Showing posts with label Gore Vidal. Show all posts
Showing posts with label Gore Vidal. Show all posts

Monday, January 07, 2008

"If Abe don't fool away all his time on his books, he may make something yet."


Some days, you write a long, organized post that builds towards a point; other days you just hop in your boat and troll your trot line to see what’s turned up. Today what’s turned up is a bit of Honest Abe Lincoln, with a late appearance by Barack Obama.

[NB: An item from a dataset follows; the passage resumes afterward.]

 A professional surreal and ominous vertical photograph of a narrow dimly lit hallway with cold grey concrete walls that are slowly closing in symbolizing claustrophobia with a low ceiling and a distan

1 A reminder last week, from the great new history blog the Edge of the American West, of the anniversary of the Emancipation Proclamation put me in the mood to read about Abraham Lincoln, so as I headed off on my travels I packed Douglas L. Wilson’s account of Lincoln’s early years, Honor’s Voice: The Transformation of Abraham Lincoln (1998).

In chronicling the transformation of Abraham Lincoln from a sharp-witted but uncultured and uneducated rube in 1831 to a young congressman and frontier leader in 1842, Wilson must rely on the testimony of Lincoln’s friends and neighbors of that period—testimony that, because it was collected during and after Lincoln’s presidency, is notoriously unreliable, suffering as it does not only from the natural defects of decades-old memory but also from elisions caused by a Victorian delicacy bordering on hagiography. Wilson therefore makes the smart decision to open the book with a chapter demonstrating the process by which he has sifted overlapping or conflicting accounts; it serves both as a marker of the rigor of his method and as a reminder of the basic fallibility of memory.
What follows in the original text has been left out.